Apakah konsep Rewired dari Routledge ini sudah cukup menjelaskan fenomena Constant Checkers? Nampaknya belum. Mengapa kebutuhan untuk terkoneksi berkembang dari kebutuhan menjadi sesuatu yang cenderung adiktif bahkan problematis?

Fear of Missing Out (FOMO)

Artikel Erik Barker dalam New York Time menjelaskan dengan gamblang bagaimana FoMO "merasuki" manusia di era sosial media saat ini[i]. Itu dilakukan hanya untuk "Feel OK", untuk merasa baik-baik saja. Tapi perasaan itu akan berubah jika mengetahui bahwa ada satu informasi yang tertinggal. Emosi dan level stres akan berubah drastis. 
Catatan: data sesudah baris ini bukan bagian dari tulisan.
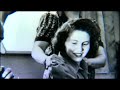 I AM THE VIOLIN IDA HAENDEL DOCUMENTARY (Complete) 2004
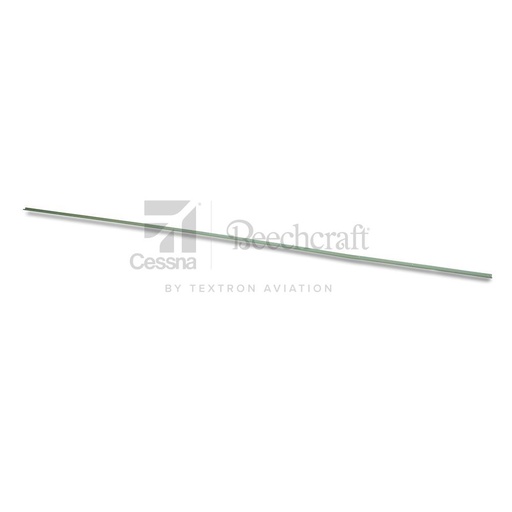 [RX5-0523097-6] STRINGER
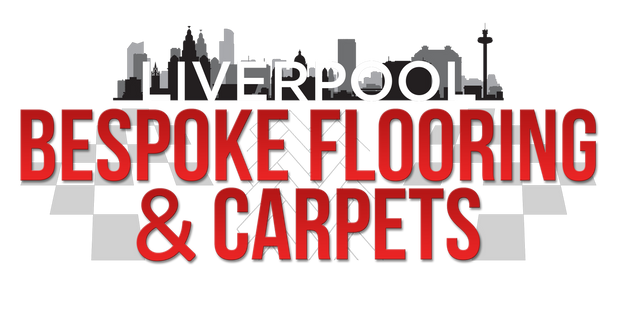 Liverpool Bespoke Flooring and Carpets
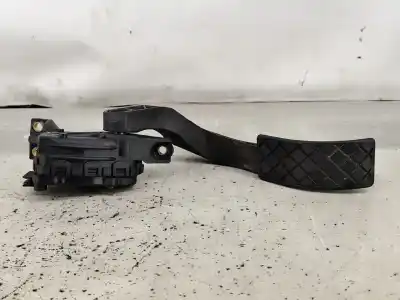 Piesă de schimb auto la mâna a doua pedalã de accelerație pentru volkswagen passat 3b2 1.9 tdi referințe oem iam 6pv00777007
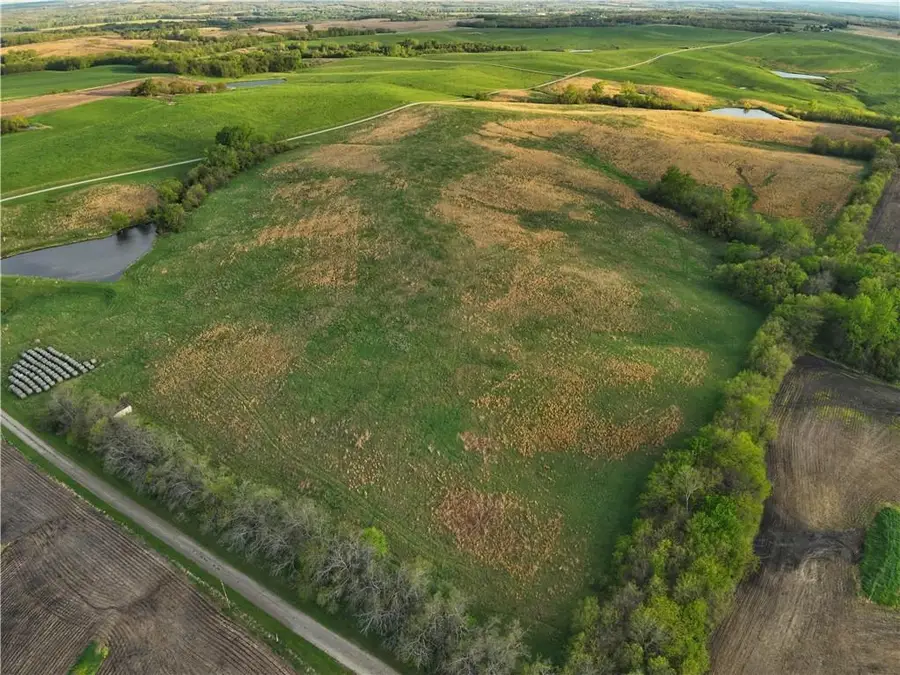 County Road 91 Street, Grant City, MO 64456 - #3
Berbagai bentuk kecemasan seperti kekhawatiran dimanfaatkan oleh orang yang lebih tahu, cemburu jika pada orang lain yang lebih tahu, khawatir dianggap tidak kompeten, atau takut dinilai tak memiliki otoritas dan tanggungjawab. Dalam kasus anak muda/remaja, mereka cemas jika tak diakui sebagai bagian dari satu kelompok. 

Sosial media bukanlah gambaran sejati dari kehidupan orang-orang yang berada di dalamnya. Sosial media adalah episode-episode versi paling sempurna yang secara sadar dipilih untuk disebarluaskan di jejaring pertemanannya.  
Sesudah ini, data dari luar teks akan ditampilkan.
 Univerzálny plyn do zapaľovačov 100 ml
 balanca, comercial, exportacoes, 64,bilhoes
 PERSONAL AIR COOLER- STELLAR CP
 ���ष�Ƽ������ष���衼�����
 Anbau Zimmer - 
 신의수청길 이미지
Jika platform sosial media paling terkemuka seperti Facebook, Instagram, Youtube atau Twitter melarang penggunanya untuk pamer, membual atau sok-sokan, sepertinya orang tidak akan menggunakan sosial media. Sosial media memang galeri pameran kehidupan. Produk yang cacat tidak akan dipertunjukan di gerai atau outlet.

 Jika pengguna sosial media merasa hidupnya sama baik atau lebih baik dari orang lain, mereka akan bangga untuk membagikannya. Ini salah satu cara pengguna sosial untuk menilai dirinya, "Aku juga gak kalah keren loh!". 

Masalahnya perilaku ini pun akan berdampak buruk bagi orang-orang di jejaringnya yang merasa hidupnya tak lebih baik. Jadilah sosial media sebuah siklus yang tak berhenti dan berfungsi ganda: sebagai racun sekaligus obat bagi Constant Checkers.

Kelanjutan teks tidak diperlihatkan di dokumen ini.